1.Jelaskan konsep huruf, fonem, fon, kontoid, vokoid, dan kaidah fonotaktik!
a) Huruf adalah tanda yang dipakai dalam aksara untuk menggambarkan bunyi manusia (Kridalaksana, 1993: 79). Huruf yang digunakan dalam bahasa Indonesia, khusunya, terbagi atas huruf kafital (huruf besar) dan huruf kecil. Huruf kapital digunakan dalam berbagai nama diri, antara lain nama orang, nama jabatan, nama geografi, nama badan atau lembaga, dan pada penulisan awal kalimat. Sedangkan huruf kecil digunakan dalam kalimat dan nama-nama selain nama diri atau badan.

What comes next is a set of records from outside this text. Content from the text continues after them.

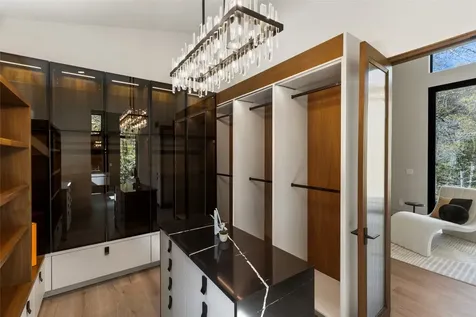 1616 N 4th Street Highlands NC 28741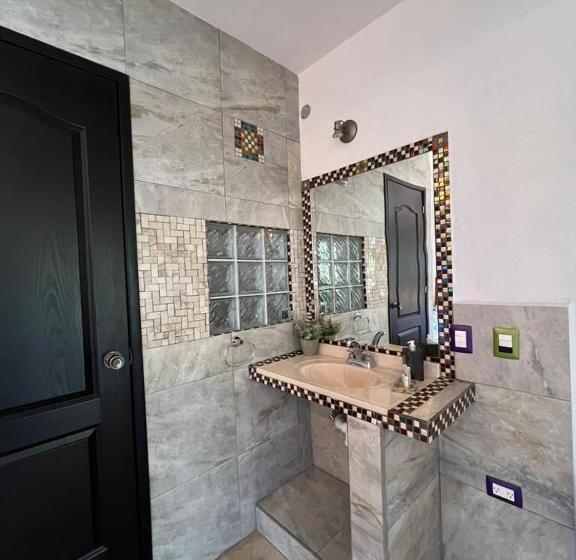 غرفة قياسية ثلاثية مطلة علي حمام السباحة, Casa Lomas Grangelo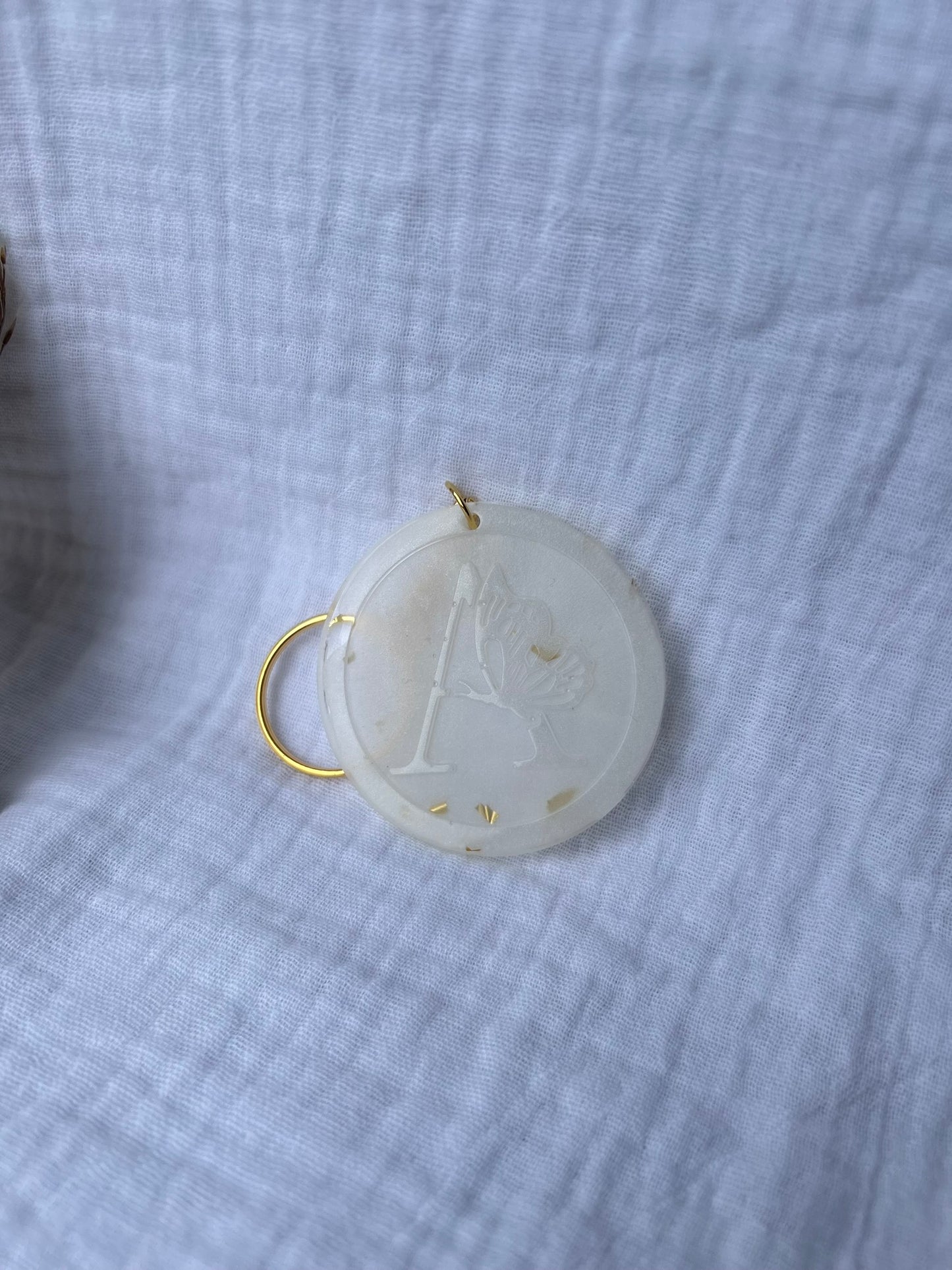 Porte Clé rond avec Lettre et papillon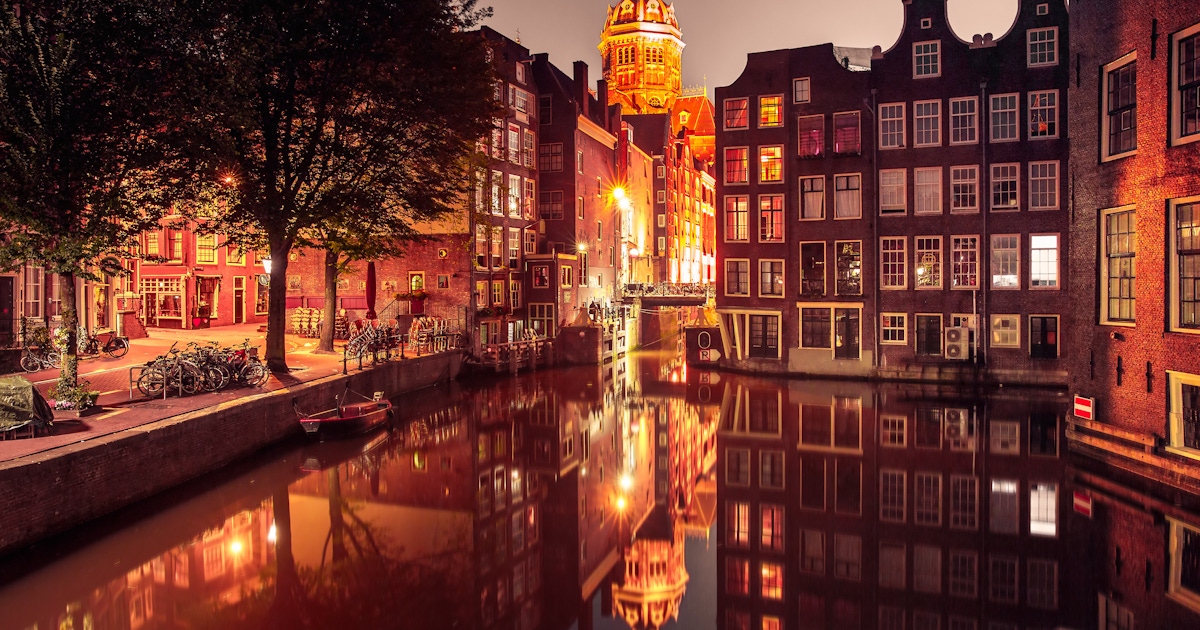 Visit De Wallen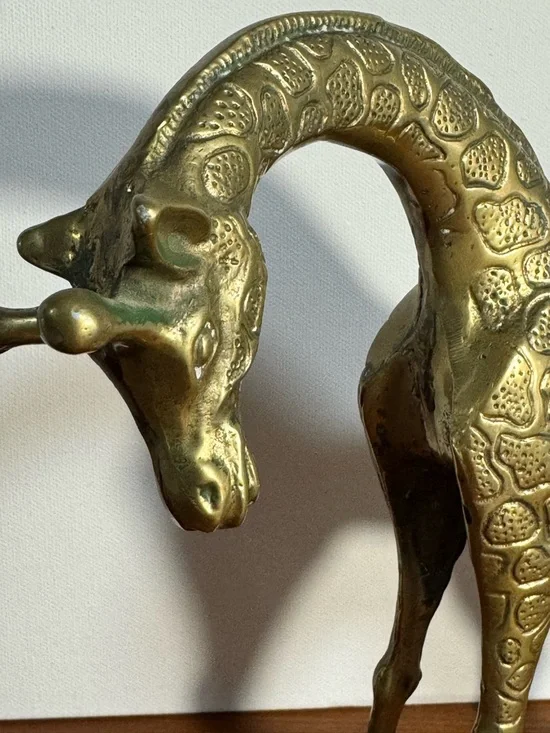 Brass Giraffe Figurine - Textured Metal Décor - Picture 6 of 11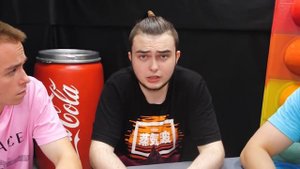 Мой друг ВОРУЕТ КОЛПАЧКИ С МАШИН! *7 СЕКРЕТОВ Пашки Ширяева*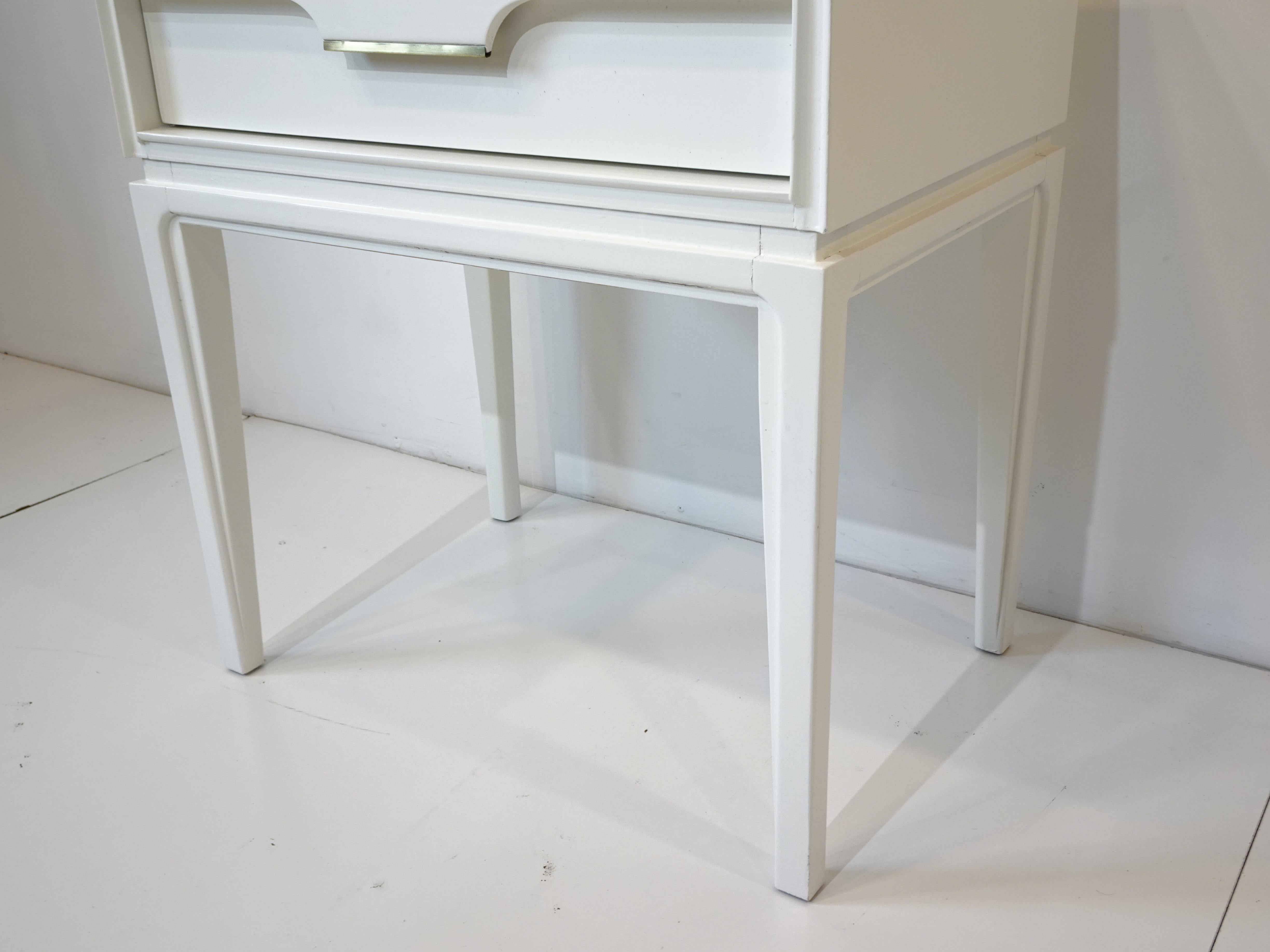 Mid Century White Nightstand by Basic Witz In Good Condition For Sale In Cincinnati, OH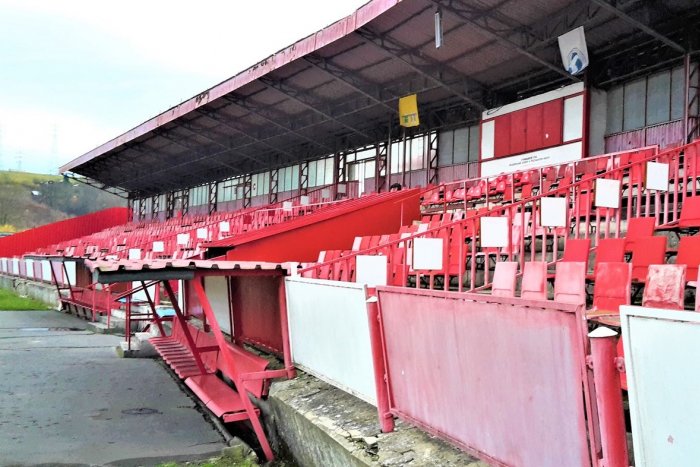 Ilustračný obrázok k článku Považská je bližšie k novému štadiónu: Kapacitne by však na prvú ligu nestačil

Huruf dalam tataran ini dapat berada di awal, di tengah, dan di akhir. Huruf belum bermakna sedangkan fonem sudah mampu membedakan makna. Huruf adalah aksara atau gambaran bunyi bahasa.
Contoh :
Huruf Vokal
Cara pemakaian dalam kata
Di awal
Di tengah
Di akhir
a
i
o
u
e*
adik
ikat
otak
ulang
encer
elang
satu
kita
doa
tua
tega
perah
kota
hari
kado
kamu
pete
klise

Huruf Konsonan
Cara Pemakaian dalam Kata
Di awal
Di tengah
Di akhir
h
k
l
n
s
pasak
kapan
lisan
nomor
simak
saham
makan
malu
makna
pusat
kerah
telak
mental
makan
laris

b)Fonem adalah bunyi bahasa terkecil yang membedakan bentuk makna. Fonem adalah satuan yang terkecil yang terdiri atas bunyi-bunyi ujar yang dapat membedakan arti.
Contoh : cari, dari, jari, lari, mari, sari, dan tari.
Fonem /l, t, d, j, m, s, c/ mampu menunjukkan terjadinya perbedaan makna, sehingga disebut fonem yang berbeda.
c)Fon merupakan suatu hasil bunyi dari alat ujar dan dalam proses menghasilkan bunyi tersebut dikenal kontoid dan vokoid. Fon adalah bunyi bahasa terkecil baik yang membedakan arti atau tidak membedakan arti ( tahun – taun / ramai – rame / satai –sate / cabai –cabe).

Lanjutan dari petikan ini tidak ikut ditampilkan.